*GIVEN DATA*
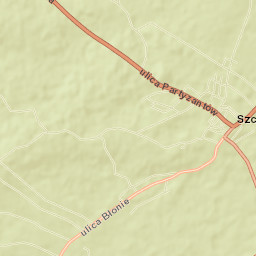 Szczebrzeszyn Street Map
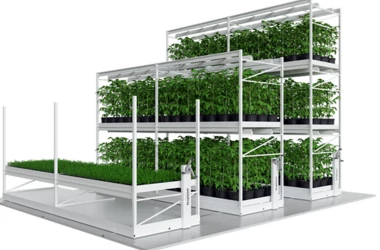 Vertikalni uzgoj je korak prema poljoprivredi budućnosti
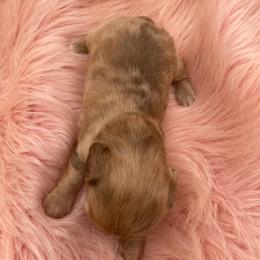Goldie - Dapple female Dachshund puppy in Sarah, Mississippi from White's Mississippi Doxies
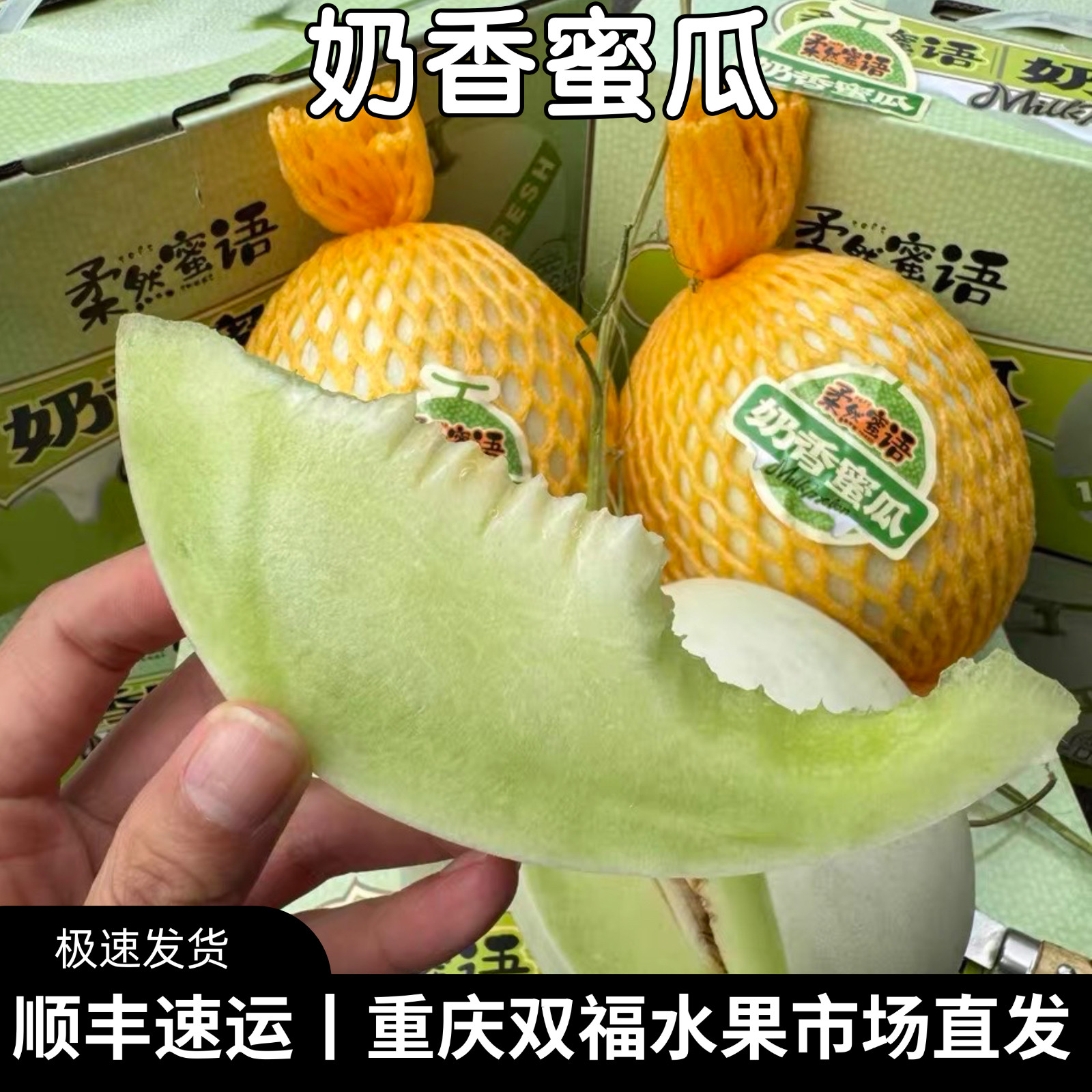 奶香蜜瓜2枚礼盒装净重约5斤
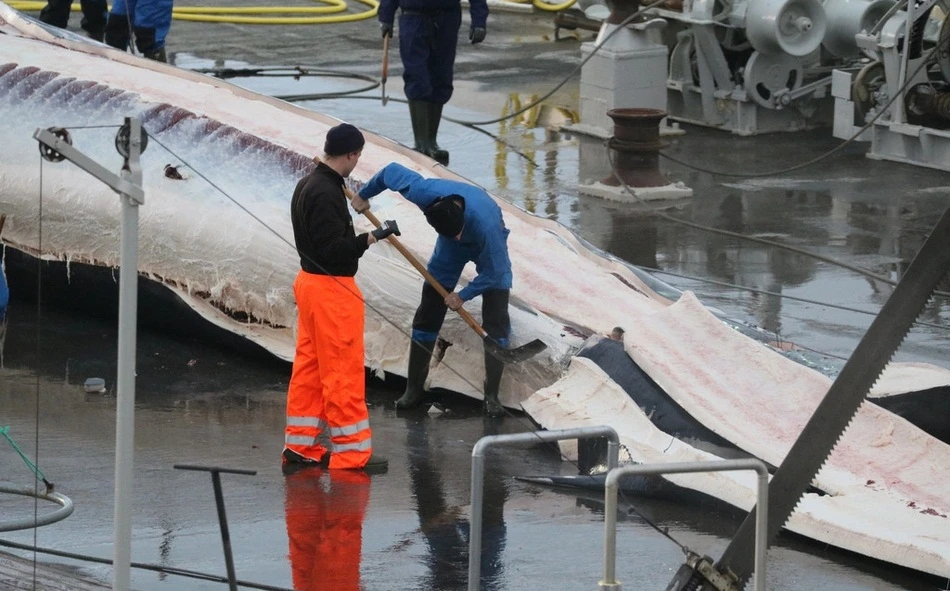 Phẫn nộ cảnh xẻ thịt cá voi công khai trên cảng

*PROMPT*
Leave out the pictures and repeat the remaining data exactly.

*OUTPUT BELOW*
 Szczebrzeszyn Street Map
 Vertikalni uzgoj je korak prema poljoprivredi budućnosti
Goldie - Dapple female Dachshund puppy in Sarah, Mississippi from White's Mississippi Doxies
 奶香蜜瓜2枚礼盒装净重约5斤
 Phẫn nộ cảnh xẻ thịt cá voi công khai trên cảng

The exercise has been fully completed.